§ **Exercise**: Please copy, word for word, the line that contains "Singing songs about" and every line after it through the end of the records, and nothing more.

§ **Data for this task**:
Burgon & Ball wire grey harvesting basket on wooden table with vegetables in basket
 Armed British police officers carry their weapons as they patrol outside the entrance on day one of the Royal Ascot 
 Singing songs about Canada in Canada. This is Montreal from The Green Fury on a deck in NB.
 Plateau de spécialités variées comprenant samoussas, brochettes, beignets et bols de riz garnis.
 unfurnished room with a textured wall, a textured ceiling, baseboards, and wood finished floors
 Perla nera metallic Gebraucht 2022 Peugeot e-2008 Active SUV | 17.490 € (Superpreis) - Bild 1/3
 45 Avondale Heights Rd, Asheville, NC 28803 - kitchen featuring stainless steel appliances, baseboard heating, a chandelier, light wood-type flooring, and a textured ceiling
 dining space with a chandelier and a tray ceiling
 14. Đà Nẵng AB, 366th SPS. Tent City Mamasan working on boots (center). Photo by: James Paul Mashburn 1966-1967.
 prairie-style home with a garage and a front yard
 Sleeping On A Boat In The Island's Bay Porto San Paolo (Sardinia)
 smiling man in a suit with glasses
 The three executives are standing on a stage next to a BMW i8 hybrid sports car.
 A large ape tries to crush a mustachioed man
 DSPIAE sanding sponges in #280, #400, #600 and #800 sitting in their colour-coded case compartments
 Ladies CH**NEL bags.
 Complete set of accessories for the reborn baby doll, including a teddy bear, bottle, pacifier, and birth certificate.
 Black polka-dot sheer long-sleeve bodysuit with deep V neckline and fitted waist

§ **Exercise response**:
 Singing songs about Canada in Canada. This is Montreal from The Green Fury on a deck in NB.
 Plateau de spécialités variées comprenant samoussas, brochettes, beignets et bols de riz garnis.
 unfurnished room with a textured wall, a textured ceiling, baseboards, and wood finished floors
 Perla nera metallic Gebraucht 2022 Peugeot e-2008 Active SUV | 17.490 € (Superpreis) - Bild 1/3
 45 Avondale Heights Rd, Asheville, NC 28803 - kitchen featuring stainless steel appliances, baseboard heating, a chandelier, light wood-type flooring, and a textured ceiling
 dining space with a chandelier and a tray ceiling
 14. Đà Nẵng AB, 366th SPS. Tent City Mamasan working on boots (center). Photo by: James Paul Mashburn 1966-1967.
 prairie-style home with a garage and a front yard
 Sleeping On A Boat In The Island's Bay Porto San Paolo (Sardinia)
 smiling man in a suit with glasses
 The three executives are standing on a stage next to a BMW i8 hybrid sports car.
 A large ape tries to crush a mustachioed man
 DSPIAE sanding sponges in #280, #400, #600 and #800 sitting in their colour-coded case compartments
 Ladies CH**NEL bags.
 Complete set of accessories for the reborn baby doll, including a teddy bear, bottle, pacifier, and birth certificate.
 Black polka-dot sheer long-sleeve bodysuit with deep V neckline and fitted waist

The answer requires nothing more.